It Was A Pleasure To…By Trevor Plumbly

After hearing an old friend’s comments on his final regular broadcast, I couldn’t help feeling short-changed by the folks that run national radio here in New Zealand. Dougal Stevenson’s final remarks were delivered with the same calm dignity with which he had presented TVNZ national news for so many years. There’s far more to Dougal than a BBC accent, there’s a genuine love of the English language, a deceptively dry wit and, as I discovered, a willingness to encourage those new to public performances. My first encounter with him was for the first episode of the TV series ‘Antiques For Love Or Money’. Throughout that programme, and the ones that followed, he provided an example of how TV personalities should go about their work. Always thoroughly prepared, calm and unflaggingly polite to all involved, he hosted the shows with an assurance that filtered through to crew and cast alike. 
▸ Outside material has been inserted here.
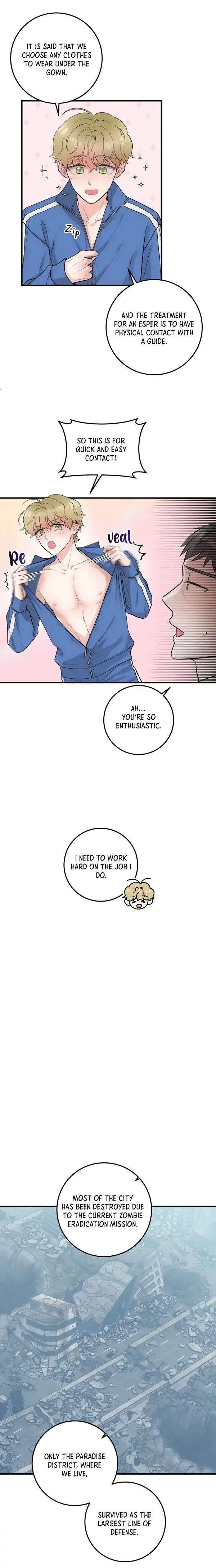 Chapter 2, page 13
Later he hosted the series ‘Dunedin Diary’: no teleprompter or desktop computer to back up, just good topical live television with a professional at the helm. When we teamed up for fundraising auctions, the entertainer replaced the newsreader, offering a gentle wit to engage bidders on a personal level, thus compensating them for my rantings (it often worked!). An overdue award in this year’s Honours list was accepted with the same self-effacing manner as his last regular broadcast was delivered. The powers-that-be in broadcasting may have decided that slicker and quicker is the way of the future for national radio; if so, someone should point out that it’s the lack of hype that keeps us tuned in. In an age when everybody is bemoaning the lack of communication skill in our children, it’s ironic that a national broadcasting network should allow itself to lose someone so patently talented in reaching people at all levels, by simply speaking well.